Return exactly the lines from the one containing "Eje Anterior B0656307 Ricoh Original" through the last line of the records below, both included, and leave out any pictures.

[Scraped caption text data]
★ ★ ★ ★ ★
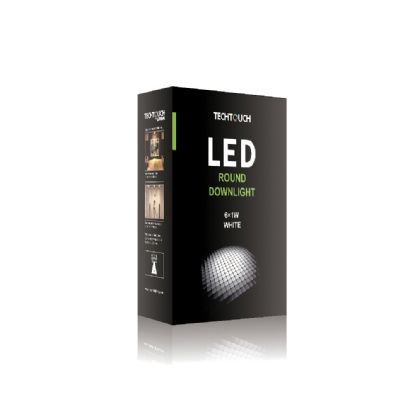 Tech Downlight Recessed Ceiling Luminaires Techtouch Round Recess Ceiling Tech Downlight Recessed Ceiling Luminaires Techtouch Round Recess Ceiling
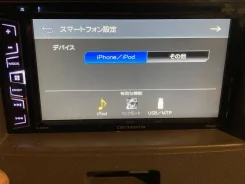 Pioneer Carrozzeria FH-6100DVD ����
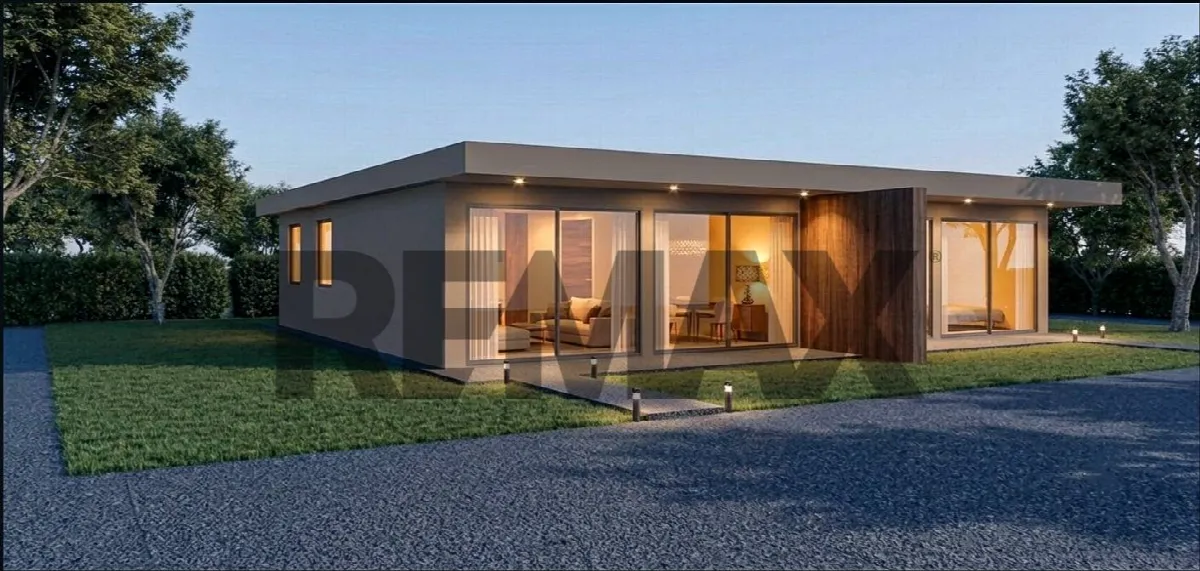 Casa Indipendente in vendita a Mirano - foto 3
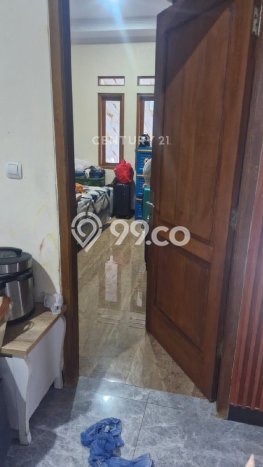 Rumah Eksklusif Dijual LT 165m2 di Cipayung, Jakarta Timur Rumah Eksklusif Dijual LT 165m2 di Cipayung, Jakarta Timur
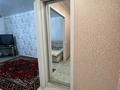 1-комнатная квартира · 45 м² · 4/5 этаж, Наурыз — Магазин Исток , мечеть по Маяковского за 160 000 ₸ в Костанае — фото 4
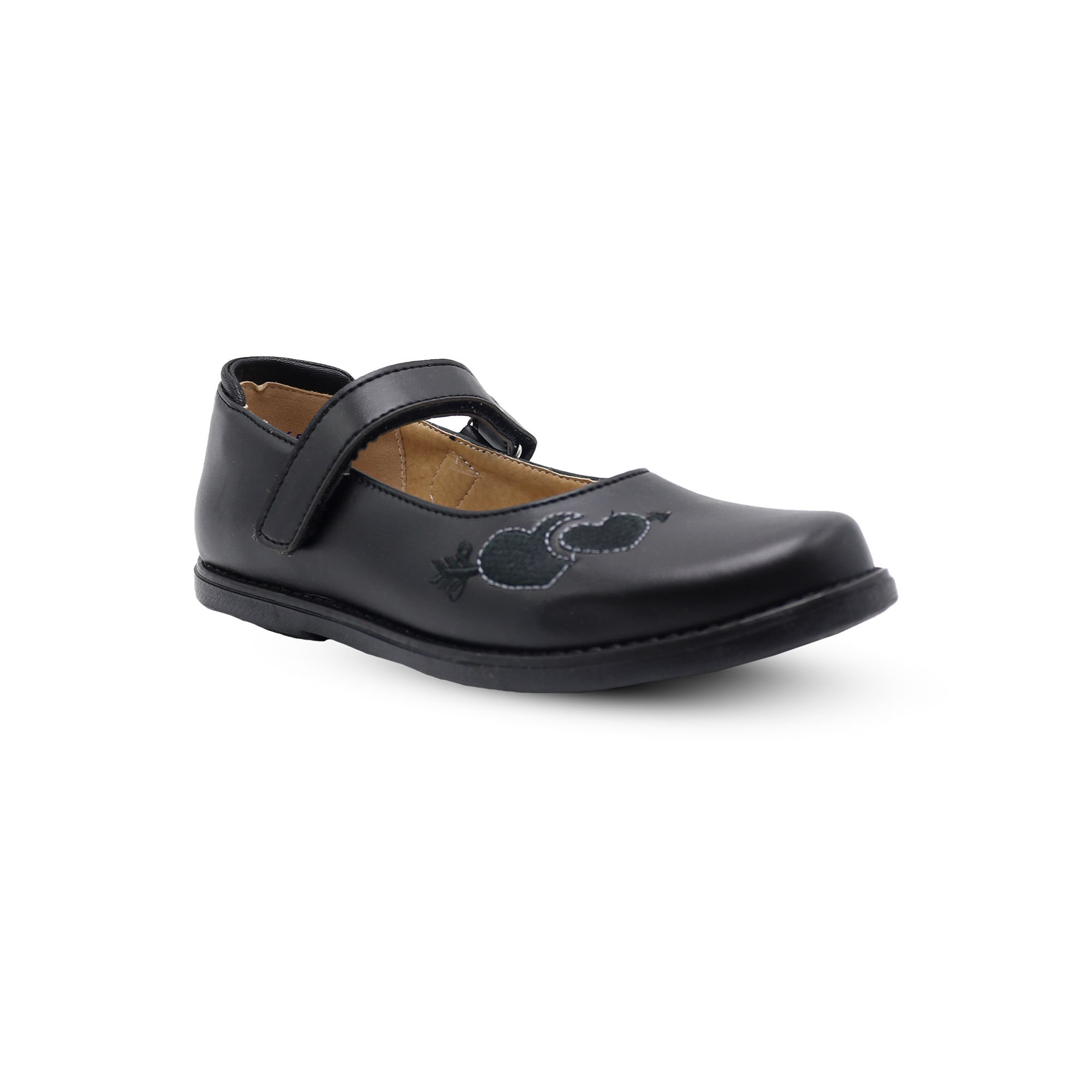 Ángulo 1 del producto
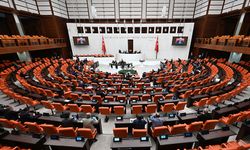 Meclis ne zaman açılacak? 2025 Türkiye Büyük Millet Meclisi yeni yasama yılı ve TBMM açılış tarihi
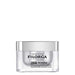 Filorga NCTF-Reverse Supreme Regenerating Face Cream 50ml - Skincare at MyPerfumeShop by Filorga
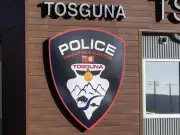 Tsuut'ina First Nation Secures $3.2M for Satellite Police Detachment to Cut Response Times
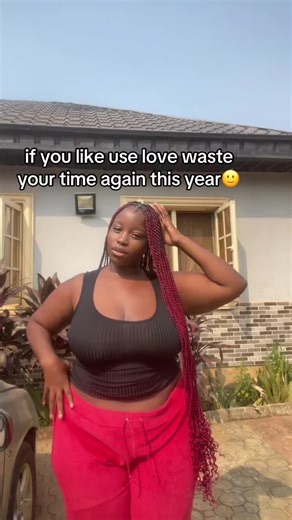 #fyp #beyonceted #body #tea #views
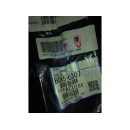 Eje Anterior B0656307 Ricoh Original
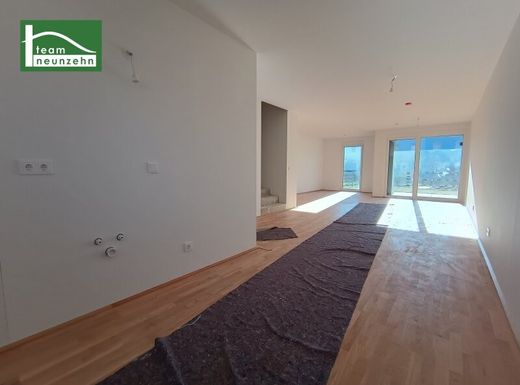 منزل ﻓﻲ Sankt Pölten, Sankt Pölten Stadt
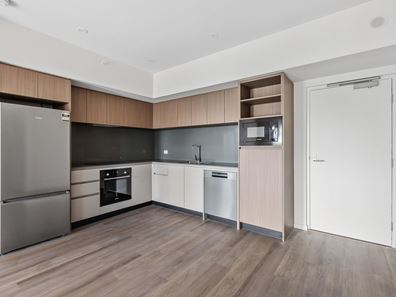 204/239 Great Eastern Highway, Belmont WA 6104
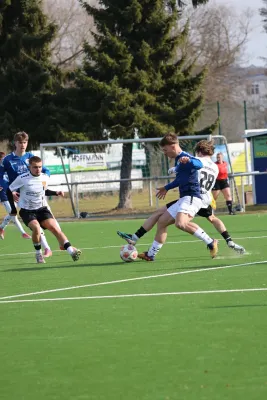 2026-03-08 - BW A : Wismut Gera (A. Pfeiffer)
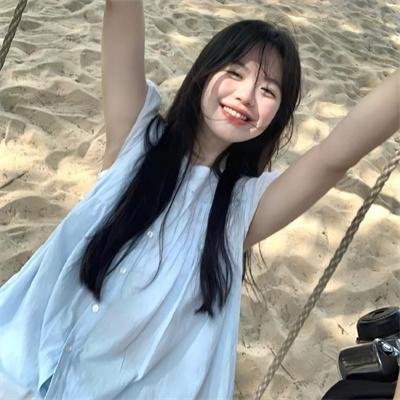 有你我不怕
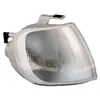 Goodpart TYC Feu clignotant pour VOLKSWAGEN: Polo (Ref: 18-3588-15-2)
★ ★ ★ ★ ★
RESPONSE AREA ::
 Eje Anterior B0656307 Ricoh Original
 منزل ﻓﻲ Sankt Pölten, Sankt Pölten Stadt
 204/239 Great Eastern Highway, Belmont WA 6104
 2026-03-08 - BW A : Wismut Gera (A. Pfeiffer)
 有你我不怕
 Goodpart TYC Feu clignotant pour VOLKSWAGEN: Polo (Ref: 18-3588-15-2)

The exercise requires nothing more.